Edit: Here's a graphical representation I am stealing from another question (Count Grouped Gaps In Time For Time Range) :P
|.=========]
|.=============]
|=========.======]
|===.=================.====]
|.=================.==========]
T 0 1 2 3 4 5 6 7 8 9 0 1 2 3 4 5 6
The bars represent the data I've stored (visit time, last seen time, and seconds online) and I need to know at a particular point how many are online. In this example for T=0 the number is 3 and for T=9 the number is 4)
Q: I can't understand what you mean with "but I have data granular to 5 seconds", how many records do you store per visit? Can you add some example data?

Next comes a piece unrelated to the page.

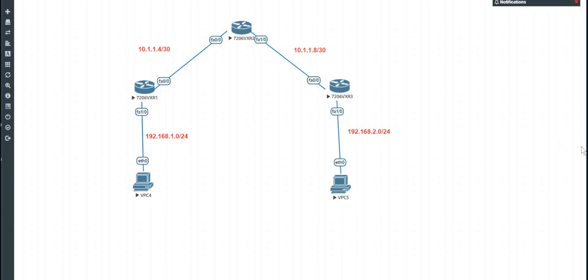Welcome everybody, the lab is here. We are in a brand new simulator that I've configured — it's called Eve-NG, the NG stands for Next Generation. It's very similar to GNS3, but it's a little bit different. There are many different ways of navigating through it. Just to show you that MeLaz is moving forward to using Eve-NG for the majority of the configurations.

A: There's only one record per visit. Granular to 5 seconds means I'm storing up to 5 seconds worth of accurate data.
Sample data as requested:
id visit_time last_seen_time seconds_online
1 00:00:00 00:00:12 10
2 00:12:41 00:12:47 5
3 00:01:20 00:01:22 0
4 00:01:22 00:01:27 5
In this particular case, if I graph the people online at 00:00:00 there would be one person, until 00:00:15 where there would be 0 people:
4|
3|
2| *
1|* *
-*****-******************-
Very interesting and hard question, if we suppose that the interval of graph should be by hour (for example from 8.00 to 8.59), and the granularity by minute we can leverage the problem by extract this date parts (if you are using postgresql the function to use should be EXTRACT), I also suggest to use Commont Table Expressions.
We can then build a CTE to have first minute and last minute of each visit in the target hour, like:
SELECT CASE WHEN EXTRACT(hour FROM visit_time) = 8
THEN EXTRACT(minute FROM visit_time)
ELSE 0 END AS first_minute,
CASE WHEN EXTRACT(hour FROM last_seen_time) = 8
THEN EXTRACT(minute FROM last_seen_time)
ELSE 59 END AS last_minute
FROM visit_table
WHERE EXTRACT(hour FROM visit_time) <= 8 AND EXTRACT(hour FROM last_seen_time) >= 8
The number of visitor changes when a new visit begin or a visit ends, so we can build a second CTE from the first to have a list of all minutes where the visitors' number changes, lets name target the first CTE, then the latter could be defined as:
SELECT first_minute AS minute
FROM target
UNION
SELECT last_minute AS minute
FROM target
The UNION will also eliminate duplicates.
Finally we can join the two tables and count the visitors:
WITH target AS (
SELECT CASE WHEN EXTRACT(hour FROM visit_time) = 8
THEN EXTRACT(minute FROM visit_time)
ELSE 0 END AS first_minute,
CASE WHEN EXTRACT(hour FROM last_seen_time) = 8
THEN EXTRACT(minute FROM last_seen_time)
ELSE 59 END AS last_minute
FROM visit_table
WHERE EXTRACT(hour FROM visit_time) <= 8
AND EXTRACT(hour FROM last_seen_time) >= 8
), time_table AS (
SELECT first_minute AS minute
FROM target
UNION
SELECT last_minute AS minute
FROM target
)
SELECT time_table.minute, COUNT(*) AS Users
FROM target INNER JOIN
time_table ON time_table.minute BETWEEN target.first_minute
AND target.last_minute
GROUP BY time_table.minute
ORDER BY time_table.minute
You should obtain a table where the first record contains the first minute, within the target hour, when there is at least an online visitor, with the number of online people, then you have a record for each change of the number of online people, with the minute of the change and the new number of online people, you can easily make your graph from this.
Sorry if I can't test this solution, but I hope it could help you anyway.